Добавить в цитаты Настройки чтения

Страница 46 из 50

"А все-таки я не боюсь,- говорила себе Таня.- Вот нистолечко не боюсь. Я иду правильно. Ну, еще десять минут, еще полчаса, и я выйду к Холмам".

Луна встала над лесом и залила снег синеватым светом. Она казалась веселой и улыбающейся, эта луна, которая твердо знала свой путь.

И тут Таня испугалась: на белом искрящемся снегу она увидела свою красную варежку! Значит, она кружила на одном месте.

Сразу стало нечем дышать. Девочка прислонилась к сосне, распустила платок.
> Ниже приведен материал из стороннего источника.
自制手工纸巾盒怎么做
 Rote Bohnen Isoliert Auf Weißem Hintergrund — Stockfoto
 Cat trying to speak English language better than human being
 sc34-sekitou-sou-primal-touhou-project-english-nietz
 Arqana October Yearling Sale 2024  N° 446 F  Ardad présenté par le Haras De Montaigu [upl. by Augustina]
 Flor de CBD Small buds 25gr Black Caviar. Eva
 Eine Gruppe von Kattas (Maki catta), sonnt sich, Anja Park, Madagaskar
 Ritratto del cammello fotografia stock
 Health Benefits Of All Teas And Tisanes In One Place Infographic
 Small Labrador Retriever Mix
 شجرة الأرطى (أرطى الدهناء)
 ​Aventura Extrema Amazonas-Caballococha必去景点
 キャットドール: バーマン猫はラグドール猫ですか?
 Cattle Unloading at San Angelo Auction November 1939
Она даже не подняла варежку. Больше она не может ступить ни шагу, ни одного шага, ни самого маленького, так и будет стоять под сосной.

Но ведь ее найдут; конечно, найдут. Наверно, Миша сказал Леночке и Власьевне сказал. Они приедут за ней на лошади, и она ляжет в сено и будет спать, спать, спать...

А пока можно посидеть на пеньке. Таня с трудом стряхивает с себя дремоту. Нет, спать нельзя. Если заснешь, замерзнешь. Надо думать о чем-нибудь... Вот... Нюра... бедная Нюра... она больна... она лежит в постели и, наверно, спит, спит, спит... Таня падает с пенька в пушистый снег, подкладывает руку под голову... сосны строго смотрят на лежащую у их ног девочку.

Тревога

Манька вернулась в школу. Ребята уже разошлись. Миша убирал класс, поджидая Власьевну и Марью Дмитриевну.

На душе у Маньки было беспокойно: сказать Мише или не сказать?..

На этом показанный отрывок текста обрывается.